There's this defect in human condition the love that people show us is never to be enough if it isn’t from the one’s we want 

As uncommon as it might sound for Non-Asian people, 4 to 5 years old Kotaro Sato moves alone in a six-flats building. Although he is strangely mature and self-sufficient for his age, his fellow neighbors, the talented and previously awarded, but now suffering a writer's block, mangaka Mr Karino, his next-door tenant Ms Mizuki ( i'll let you find out by yourselves what she does for a living) and the ground floor, low rank Yakuza- or again, maybe not!- Mr Tamaru, have no intension to let him be. But is the kindness of strangers enough to calm a toddler's trauma of parenting neglect down? 

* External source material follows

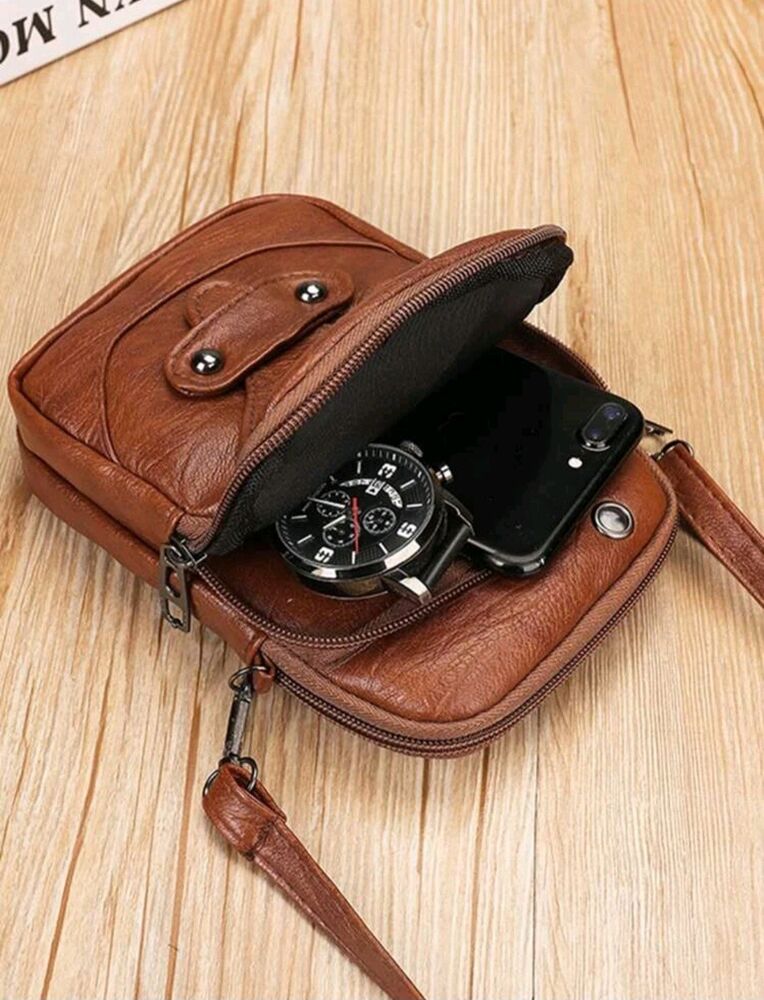 Crossbody Bag for Women PU Leather Handbag Mini Shoulder Bag Purses Brown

For the time being, Netflix and production company Liden with director give us the opportunity to figure this out in a season of ten episodes. As I' m writing this text, a second season is yet to be announced, but I' m sure it won't take long to, since “” is a masterpiece of the sheinen/slice of life genre, not only because of its great looks (the best color pallet combination we have seen in a while), but also because of the way its creators masterfully tuned the right dosage of comedy and drama, allowing “Kotaro” to appear corny only scarcely. 

In case someone isn't aware of Kotaro's former appearances in pop culture, firstly, as a manga released in 2015 and then as a well-received 2021 series of ten episodes, there's pretty much a chance of falling to the trap to make a comparison between “Kotaro” and another popular 4-year-old manga character, the little green-haired girl named “Yotsuba”. This is the point when the father figure of the story Shin Karino can easily be analogized to Yotsuba's adoptive father – also a stay-at-home dad- Yousuke Koiwai, Ms Mizuki can also be another version of girl next door Asagi, while Tamaru might resemble a different kind of Jumbo, as a light-hearted addition to the main characters. Albeit, this is the point where all similarities stop. While in “YOTSUBATO&!” the protagonist is a care-free, weirdly unaware of how the basics of life work and most of all a child that feels totally safe with the people surrounding her, poor Kotaro Sato presents a series of worrying behavior regarding sleep and diet that motivate even the reluctant and slacker Karino to get to work, not only as an artist, but also as a reliable person.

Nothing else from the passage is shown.